First of all, I have some really great people in my life.  People who evidently do, sometimes, ask me how I'm doing.  One friend spontaneously did just that days after I published last week's post.  

The two of us were leaving an event, and the encounter wasn't long.  But it was private-ish and allowed for a bit of a conversation.  While I didn't elaborate to her all the various unsettling memories I had been dealing with, the one thing I did share received a response that was so validating, it was almost instantly healing.  My friend's response was like fresh air and light on a recently reopened wound that I had been trying (unsuccessfully) to just "get over".  

She didn't rationalize away the situation in which the wound was inflicted.  She also didn't demonize the one whose words had cut me to the quick.  All she did was see the wound for what it was and entered into my hurt for a few moments.  And she gave me a hug.  

To be clear, I know the wound hadn't been intentional.  I'm sure the one who inflicted it has no idea the damage that was done in her few words that took all of 5 seconds to say.  I'm pretty sure, if I were to write out the situation here, most people wouldn't give the exchange a second thought. In fact, I'm not sure if I hadn't been in the fragile state I was at the time (going into surgery to remove my infected port), that I would even appreciate how careless were the words that were spoken - in this case by a doctor.  It wasn't until I had permission to see my wound as valid and without trying to rationalize it away, that the shackles around that particular memory started to crumble and fall away.  And amazingly, my painful thoughts surrounding other more justifiably haunting experiences have eased - almost completely it seems.  At least for the moment.  I think, perhaps, I just needed the freedom to see my haunts without justifying/excusing why they happened in the first place.  

This experience has led me to the following thoughts - most of which I've added after publication, unfortunately, but here goes...
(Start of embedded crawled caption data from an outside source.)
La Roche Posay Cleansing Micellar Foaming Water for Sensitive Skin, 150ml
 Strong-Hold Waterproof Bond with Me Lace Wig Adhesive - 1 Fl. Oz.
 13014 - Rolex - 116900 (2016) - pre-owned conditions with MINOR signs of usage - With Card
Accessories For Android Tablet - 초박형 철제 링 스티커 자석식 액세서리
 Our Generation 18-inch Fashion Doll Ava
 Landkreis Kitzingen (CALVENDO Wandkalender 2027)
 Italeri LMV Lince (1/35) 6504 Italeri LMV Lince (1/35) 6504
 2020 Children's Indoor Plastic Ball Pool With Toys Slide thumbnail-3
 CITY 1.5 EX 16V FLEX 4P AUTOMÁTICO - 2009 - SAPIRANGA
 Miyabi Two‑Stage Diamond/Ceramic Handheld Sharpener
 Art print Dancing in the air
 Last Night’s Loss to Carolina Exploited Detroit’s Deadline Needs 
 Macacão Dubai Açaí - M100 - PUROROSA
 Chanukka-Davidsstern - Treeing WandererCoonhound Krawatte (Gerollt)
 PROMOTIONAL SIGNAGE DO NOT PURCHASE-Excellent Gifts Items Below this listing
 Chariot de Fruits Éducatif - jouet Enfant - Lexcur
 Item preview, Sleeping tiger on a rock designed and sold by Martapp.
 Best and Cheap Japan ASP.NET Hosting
I'm sure this isn't the first time I've experienced this kind of healing of my emotions, but it was so profound this time, I hope I am forever changed by it.  While I think I've understood the importance of validating others' thoughts and feelings (I wrote about it in my last post), I am also prone (as many of us are, I have learned) to want to help the other person see the various sides of a situation.  I think what we're trying to do is help the hurting person's rational brain see that they don't have to suffer all the bad feelings and thoughts they may be caught up in.  

Being on the receiving end of that kind of "help", though, a few times over the last year, I now understand just how unhelpful rationalizing and advice-giving responses usually are.  And, here's why I've come to that conclusion...  

I suspect that many of us attempt to rationalize away our painful experiences. I have no idea if it's actually rational to rationalize this stuff, but for me, it's often a first-line coping mechanism.  When it happens naturally, I don't know that it's an unhealthy thing to do.  But most good things, when taken to an extreme can become very unhealthy.  A, perhaps overly simple, example:  Overlooking an offense is good, but being a doormat leads to an unhealthy mental state, and possibly abuse.

If it is a natural inclination to rationalize our painful experiences, we certainly don't need someone else to offer the same (or other) rationalizations to our already cluttered and pained minds.  

I don't know about you, but when someone does that in response to something difficult I've shared, I immediately wish I hadn't made myself vulnerable. And I learn, going forward, to be guarded.  Of course, we should be careful who we share vulnerable things with, but if we are so guarded that we ultimately decide it's safer to stuff our feelings down, instead of finding appropriate ways of airing them, the results can be unhealthy.  Toxic, even.  We may never really heal if we don't examine our painful emotions and what has brought them about.

The more helpful response we can offer to someone stuck in painful thinking, I now believe, is something that might break an unhealthy rationalizing pattern or loop a hurting person may be stuck in.  

While someone stuck in painful thinking might need professional help to truly become healthy-minded, when we're in the position of someone having shared a painful experience with us, a likely helpful first-line response is to simply validate their feelings.  Saying a sincere, "I'm sorry that happened" would probably suffice.  Enter into the pain, if I can, or just simply acknowledge it, rather than try to reshape their perception of the experience.  Entering into a person's pain most likely will make them feel better, at least in the moment.  When they feel better, they'll probably be able to think better, and will be in a better position to eventually (or maybe instantly) see the experience that caused the wound with a clearer head.  For me, clarity almost always helps my emotions heal.  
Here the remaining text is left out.